DATASET:
= = = =

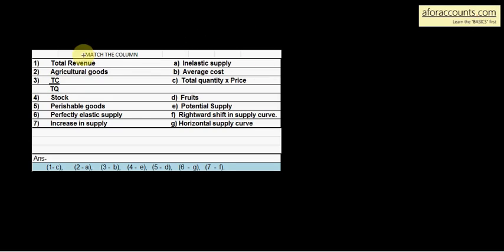Match the column — Column A and Column B. Column A contains: Total revenue, agriculture goods, total cost upon total quantity, stock, perishable goods, perfectly elastic supply, increase in supply. Column B contains: inelastic supply, average cost, total quantity into price, fruits, potential supply, rightward shift in supply curve, horizontal supply curve.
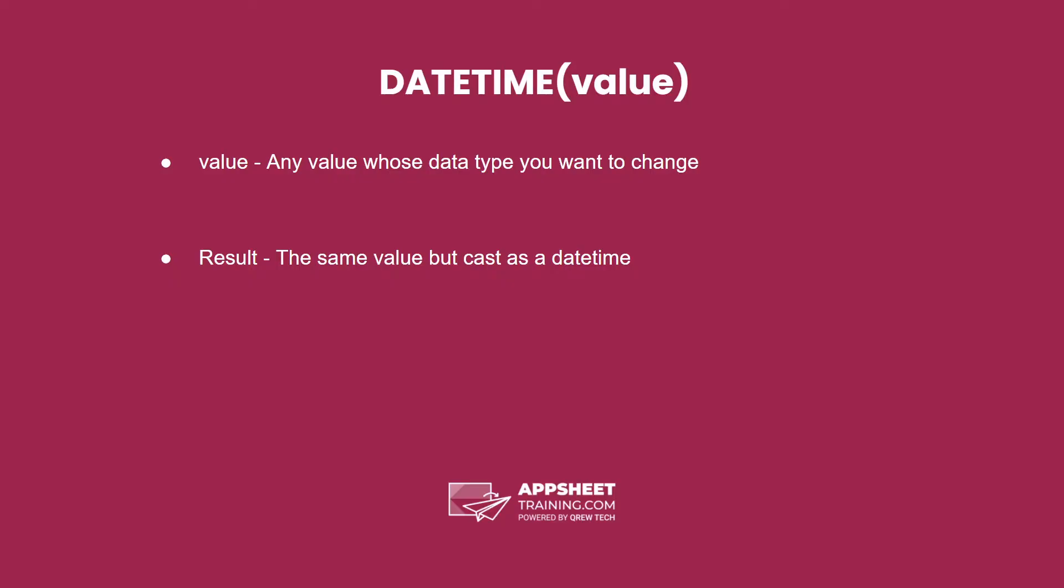The datetime expression has one parameter. This is the value whose data type you want to change, and the result is the same value but cast as a datetime.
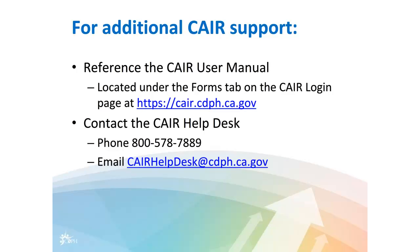For additional CAIR support, reference the CAIR User Manual located under the Forms tab on the CAIR Login page at the URL listed on the screen. Or contact the CAIR Help Desk. Phone number is 800-578-7889 or send an email to CAIRHelpDesk@cdph.ca.gov.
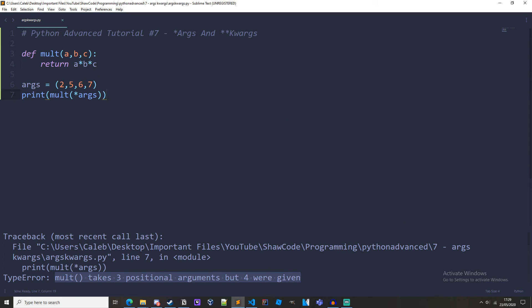So args is used to take in any number of positional arguments, i.e. those that have a position or order. We usually use positional arguments. And kwargs is used to take in a number of keyword arguments, which are arguments that have a keyword and an equal sign. So that's pretty much it for args and kwargs.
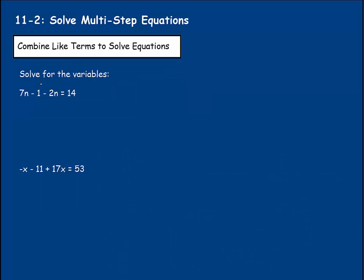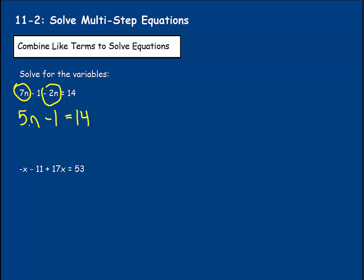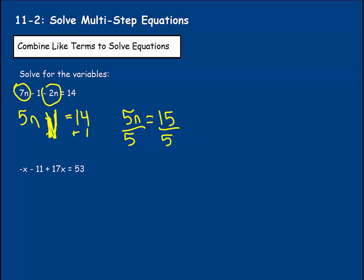Here it tells us to solve for the variables. We have 7N minus 1 minus 2N equaling 14. We have a 7N and a minus 2N — we could simplify this to solve it. You need to take the sign before each number, because if it's minus 2N, we treat it like a negative. So 7N minus 2N gives us 5N. We still have this minus 1 here, equaling 14. To get 5N by itself, we add 1 to both sides — negative 1 plus 1 equals 0, so they cancel. 14 plus 1 is 15, so 5N equals 15. Dividing by 5, N equals 3.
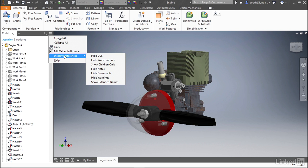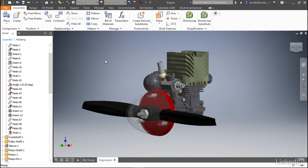Let me show you what I mean. If we were to hide work features, something immediately changes in the browser. You'll notice that instead of seeing the constraints run off the bottom, I'm now starting to see components and parts that are part of this assembly.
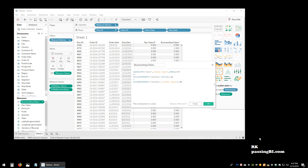Check out our website passingbi.com — we have courses, quizzes, and exams on Tableau to help you pass the Tableau certification exam. We also have courses on other BI tools like QlikView, Power BI, and SQL. Thank you for watching. If you have any comments or questions, please leave them below, and subscribe and share. Thank you.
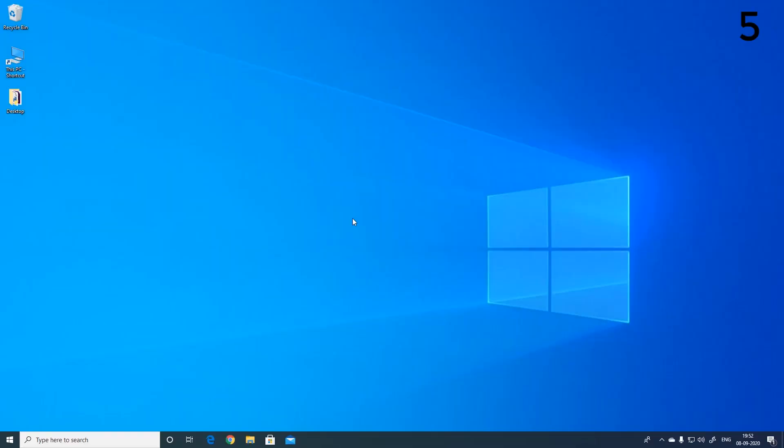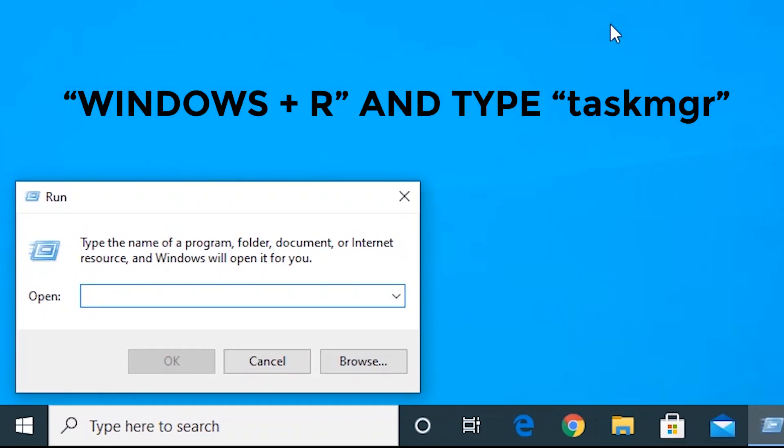The fifth way to open task manager is to press Windows plus R, type in taskmgr and then press enter.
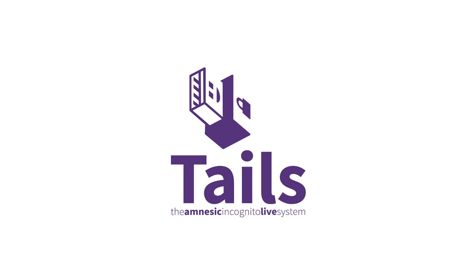To support the Center for Investigative Journalism with a donation, please visit tcij.org/donate. And if you would like to watch our other videos, please go to infosecbites.org or subscribe to our channel below.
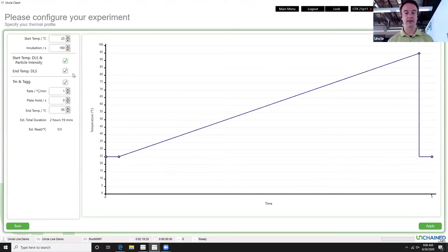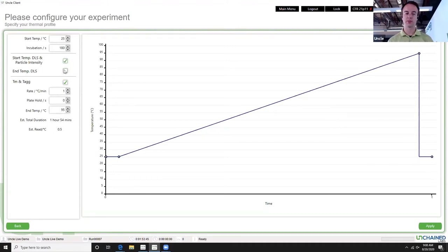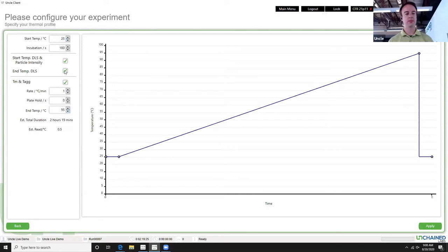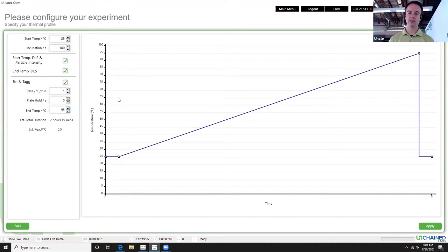Next comes the experimental design for the UNCLE. The capsid stability experiment works as follows: first, at the starting temperature of 25 degrees Celsius, we take an initial fluorescence read of the sample, followed by DLS — which we can select to include or skip. Then we'll run a thermal ramp between 25 degrees and 95 degrees Celsius to make sure that everything is unfolded and leaking all the fluorescence into solution. Following that thermal ramp, we'll take another end-temperature DLS read and then return to 25 degrees Celsius, where we'll do a final initial fluorescence read. In one experiment, we get more than five data points — looking at how the capsid was behaving before, during, and after the thermal ramp. We'll leave this as the default and hit apply.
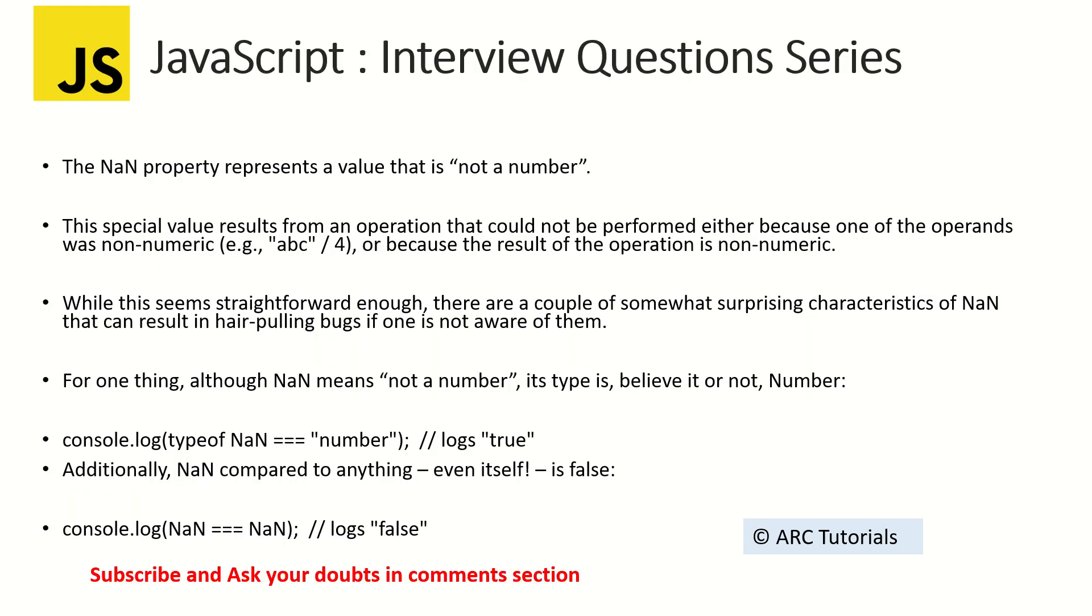Alright, so NaN property stands for not a number which means that if you pass any value which is non-numeric and try and compare it with it, it will give you true or false. And surprisingly for a property whose name is not a number, the data type is, believe it or not, it's a number. Yes, that's true. So for not a number the data type is number.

= = = =

TASK: Once the pictures are set aside, write out the entries verbatim.

TASK SOLUTION:
Match the column — Column A and Column B. Column A contains: Total revenue, agriculture goods, total cost upon total quantity, stock, perishable goods, perfectly elastic supply, increase in supply. Column B contains: inelastic supply, average cost, total quantity into price, fruits, potential supply, rightward shift in supply curve, horizontal supply curve.
The datetime expression has one parameter. This is the value whose data type you want to change, and the result is the same value but cast as a datetime.
For additional CAIR support, reference the CAIR User Manual located under the Forms tab on the CAIR Login page at the URL listed on the screen. Or contact the CAIR Help Desk. Phone number is 800-578-7889 or send an email to CAIRHelpDesk@cdph.ca.gov.
So args is used to take in any number of positional arguments, i.e. those that have a position or order. We usually use positional arguments. And kwargs is used to take in a number of keyword arguments, which are arguments that have a keyword and an equal sign. So that's pretty much it for args and kwargs.
Here it tells us to solve for the variables. We have 7N minus 1 minus 2N equaling 14. We have a 7N and a minus 2N — we could simplify this to solve it. You need to take the sign before each number, because if it's minus 2N, we treat it like a negative. So 7N minus 2N gives us 5N. We still have this minus 1 here, equaling 14. To get 5N by itself, we add 1 to both sides — negative 1 plus 1 equals 0, so they cancel. 14 plus 1 is 15, so 5N equals 15. Dividing by 5, N equals 3.
Let me show you what I mean. If we were to hide work features, something immediately changes in the browser. You'll notice that instead of seeing the constraints run off the bottom, I'm now starting to see components and parts that are part of this assembly.
Check out our website passingbi.com — we have courses, quizzes, and exams on Tableau to help you pass the Tableau certification exam. We also have courses on other BI tools like QlikView, Power BI, and SQL. Thank you for watching. If you have any comments or questions, please leave them below, and subscribe and share. Thank you.
The fifth way to open task manager is to press Windows plus R, type in taskmgr and then press enter.
To support the Center for Investigative Journalism with a donation, please visit tcij.org/donate. And if you would like to watch our other videos, please go to infosecbites.org or subscribe to our channel below.
Next comes the experimental design for the UNCLE. The capsid stability experiment works as follows: first, at the starting temperature of 25 degrees Celsius, we take an initial fluorescence read of the sample, followed by DLS — which we can select to include or skip. Then we'll run a thermal ramp between 25 degrees and 95 degrees Celsius to make sure that everything is unfolded and leaking all the fluorescence into solution. Following that thermal ramp, we'll take another end-temperature DLS read and then return to 25 degrees Celsius, where we'll do a final initial fluorescence read. In one experiment, we get more than five data points — looking at how the capsid was behaving before, during, and after the thermal ramp. We'll leave this as the default and hit apply.
Alright, so NaN property stands for not a number which means that if you pass any value which is non-numeric and try and compare it with it, it will give you true or false. And surprisingly for a property whose name is not a number, the data type is, believe it or not, it's a number. Yes, that's true. So for not a number the data type is number.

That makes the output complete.